For employees who were part of the company prior to February 15, businesses should keep on file any written offers to rehire them and be able to show they were unable to hire similarly qualified employees for unfilled positions by the end of this year. For former employees, these need to be written offers at the same salary or wage levels and for the same number of hours. If they reject a rehire offer, the business also needs to notify the applicable state unemployment insurance office of the employee’s rejection within 30 days.

Loan forgiveness will also not be reduced for employees who are terminated for cause, voluntarily resign, voluntarily request and receive a reduction of hours, or for a business’ failure to maintain employment levels if they can document an inability to return to the same level of business activity they had prior to February 15. For the latter, they need to be able to show that the reduction in business was due to their compliance with official federal health guidance for sanitation, social distancing, or worker and customer safety requirements; i.e., from the CDC, OSHA, or applicable state or local health agency.

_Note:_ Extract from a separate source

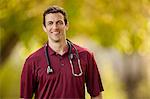 Portrait of a smiling male nurse with a stethoscope around his neck.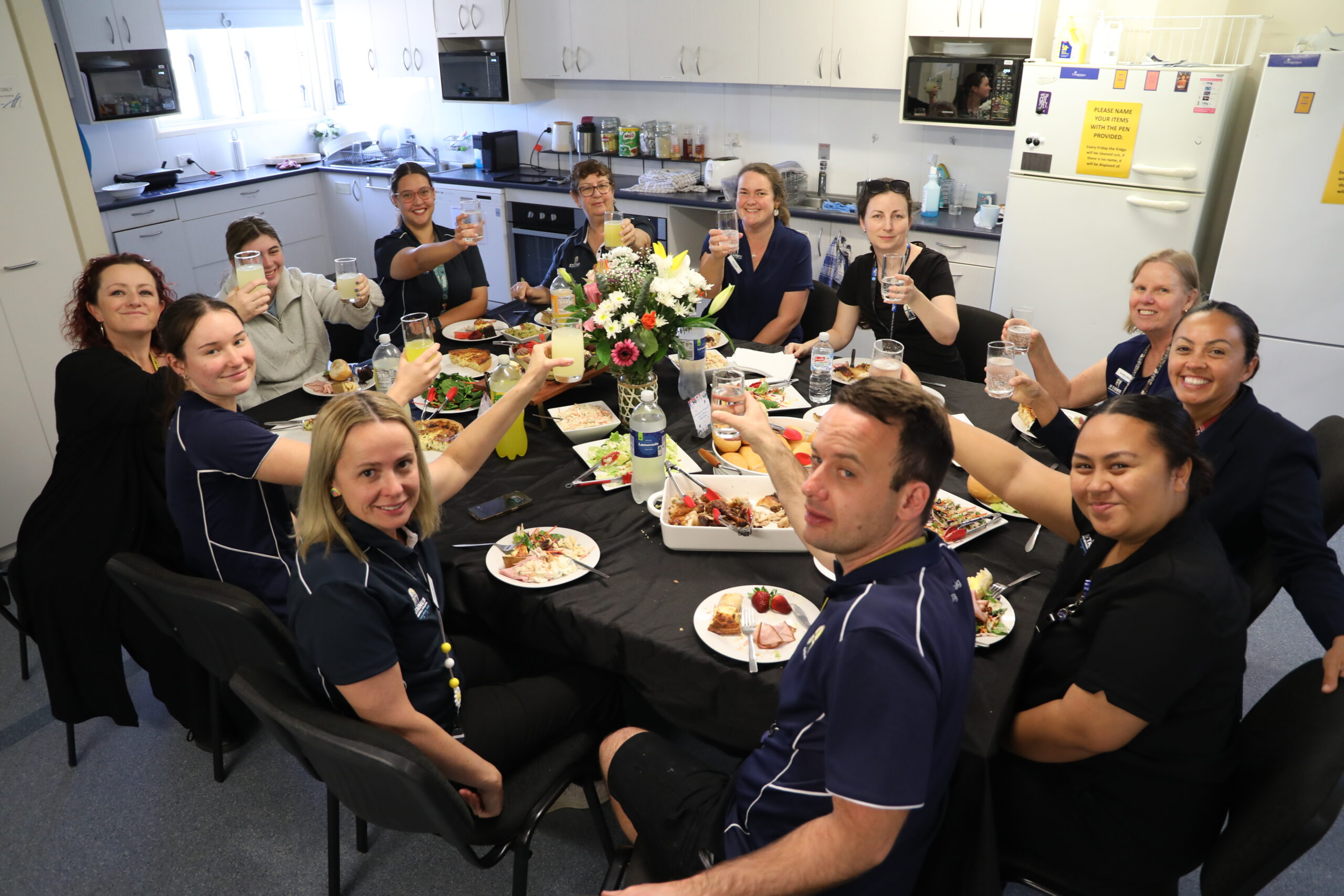 Staines Memorial College staff enjoying a meal together.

New Exemption from Forgiveness Reductions for PPP Loans under $50,000

On October 8, 2020, the Treasury Department and Small Business Administration released a simplified Payroll Protection Program (PPP) forgiveness application (Form 3508S) and instructions for loans of $50,000 or less, as well as an Interim Final Rule (IFR). Generally, the IFR explains the adoption of a de minimis exemption from reductions in loan forgiveness (i.e., penalty) for failure to maintain the number of full-time equivalent employees (FTEs), as well as wage level maintenance requirements, for PPP loans of $50,000 or less.

Borrowers with affiliates that collectively received PPP loans of $2 million or more cannot use the new form or new exemptions.

To Defer or Not to Defer Social Security Payroll Taxes

The Coronavirus Aid, Relief, and Economic Security (CARES) Act allows businesses to defer paying the 6.2 percent Employer share of the Social Security payroll tax through the end of the year. Under the original PPP, borrowers were required to stop Social Security tax deferrals once any portion of their loan was forgiven. However, the PPPFA eliminated that constraint, and they now have the option to continue to defer Social Security tax payments through the end of the year regardless of whether their loan is forgiven.

Whether a business chooses to defer or not will not affect their loan forgiveness, and deferring can certainly increase their cash flow. Amounts deferred are due in two installments, at the end of 2021 and 2022. However, plan carefully since this deferral can be a significant amount. For example, an employer with just over 20 employees earning an average of $50,000 annually could defer and accumulate a tax debt equal to a full-year’s wages for one employee. Federal employment taxes are also not extinguished in bankruptcy proceedings. Businesses should carefully consider whether it makes sense to defer those amounts, or if they should keep them current.

The PPPFA and subsequent guidance changed a number of program components to make it easier for businesses to better utilize PPP loans and keep Americans employed. These are some of the most important considerations, but businesses should read the rules closely, employ guides and tools, and work with their tax and accounting partners to stay on track for full forgiveness. With continued economic uncertainty and businesses still closed or limited in some areas of the country, be sure to watch for additional stimulus efforts, changes and more guidance in the future. Further changes and new programs seem likely over the coming months.

Pete Isberg is Vice President of Government Relations at ADP.